La atonía se refleja --y no solo en el PP, desde luego-- en la pobreza de los mensajes, basados simplemente en la hostilidad al rival, que hemos escuchado durante una campaña en la que los temas verdaderamente importantes para el presente y el futuro del país han estado clamorosamente ausentes: ni una sola vez, en mitin o debate alguno, se habló de cuestiones como la Inteligencia Artificial o su regulación, por poner apenas un ejemplo.
De la crisis interna en Vox se han ocupado estos días los titulares de todos los periódicos y noticiarios: Abascal deja, al parecer, en manos de su 'núcleo duro' la gestión de pactos y mensajes y no ha sido capaz de una mínima autocrítica tras haber perdido demasiados escaños, votos... y alguna figura importante, como las de Iván Espinosa de los Monteros, sometido a una cierta persecución interna, o Juan Luis Steegmann, que renunció al escaño vacante de Espinosa.
En el otro extremo, en Sumar ya se vislumbran los primeros síntomas de una convivencia difícil entre la dirección de este movimiento y algunos de sus 'socios', comenzando desde luego por un Podemos que no ha olvidado la 'humillación' sufrida a manos de Yolanda Díaz en la confección de las listas. Pero no son solamente cuestiones personales --como las incompatibilidades de Podemos con el partido de Iñigo Errejón-- las que lastran la convivencia interna y el trabajo homogéneo en Sumar: se aprecian ya sensibles diferencias estratégicas, tácticas e ideológicas que se mantuvieron a duras penas ocultas durante las campañas electorales.
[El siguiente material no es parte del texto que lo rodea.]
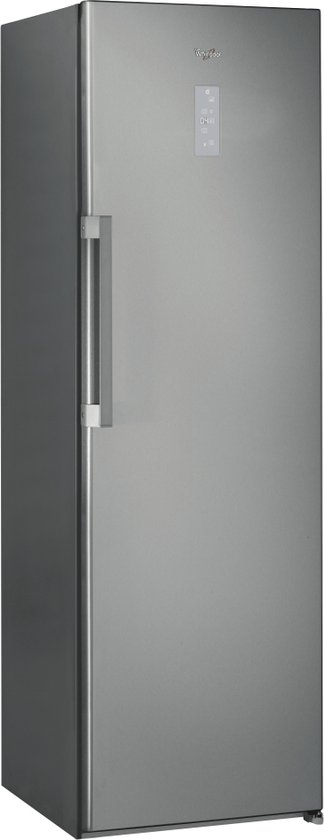 Koelkast: Whirlpool SW8AM2DXR2 - Enkeldeur koelkast - Inox, van het merk Whirlpool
Armonizar las exigencias y ambiciones de dieciséis partidos no va a ser tarea fácil, desde luego, para la señora Díaz.
Las formaciones nacionalistas y separatistas tampoco logran ya esconder sus diferencias --clamorosas en el caso catalán-- fruto de una coyuntura que nadie, y menos aún los legisladores y los 'padres de la Constitución', fue capaz de prever y ahora nadie se atreve a enmendar. Ni siquiera el objetivo de 'alejarse de España' logra ya cohesionar a unos partidos claramente desorientados --también en el PNV, acosado de cerca por Bildu, es patente el desconcierto: no todos opinan favorablemente sobre la decisión de ni siquiera iniciar conversaciones con el PP de cara a la investidura-- y que parecen no saber muy bien qué hacer ante el incierto futuro. El hecho de que la investidura de Pedro Sánchez dependa de la actitud del partido encarnado por Carles Puigdemont, Junts, desvertebrado y con criterios contrapuestos entre sus dirigentes sobre si apoyar o no, y cómo, al actual presidente del Gobierno central, es ya suficientemente demostrativo de hasta qué punto la crisis interna de nuestros partidos se ha convertido en sistémica.
La calidad y solidez de una democracia depende de la fortaleza de sus instituciones --tema sobre el que habría mucho que decir, comenzando por las cosas que ocurren en el Tribunal Constitucional--, de la robustez de la sociedad civil --bastante inane en el caso de España-- y de la coherencia y fidelidad de los partidos a la hora de llevar a cabo sus promesas a los ciudadanos, encarnadas en sus programas. Juzgue el lector si nos merecemos un notable, un aprobado o un rotundo suspenso.